If your **text** endpoint is local (no key) but **images** are OpenAI, put the
OpenAI key in the separate **Image API key** field. When that field is blank, the
image endpoint reuses the main API key.
---
## GPU notes / troubleshooting
- **NVIDIA 50-series (Blackwell):** CUDA compute can fail to initialize for
PyTorch-based tools (ComfyUI) with `CUDA unknown error`, even though
`nvidia-smi` works. **Vulkan** does work — which is why this guide uses Ollama
(Vulkan) and stable-diffusion.cpp (Vulkan).
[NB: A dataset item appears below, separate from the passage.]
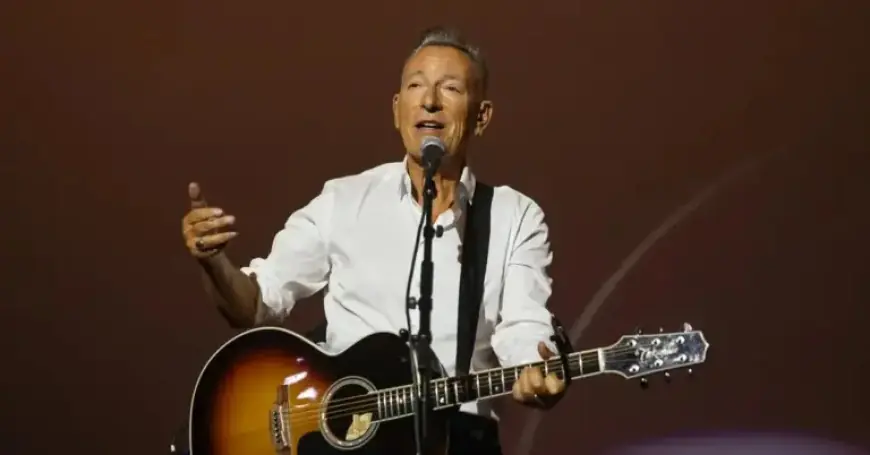 Springsteen Condemns ICE Actions and Renee Good’s Killing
Use a recent Ollama (0.30+).
- **Wrong/slow device:** if generation is CPU-slow, the tool picked the wrong
Vulkan device. Check the startup log's device list and set `--backend vulkanN`
(sd.cpp) accordingly; Ollama honours `GGML_VK_VISIBLE_DEVICES`.
- **`Endpoint URL not allowed`** when saving AI settings → the instance is not in
self-hosted mode. See [step 1](#1-enable-self-hosted-mode).
- **Images time out** → a cold or under-powered model. Try a smaller checkpoint
(e.g. SD 1.5) or fewer steps; first request also pays the model-load cost.
- **Publishing a sign with images** embeds the generated images in the widget,
so configs can be a few MB each. That's expected today.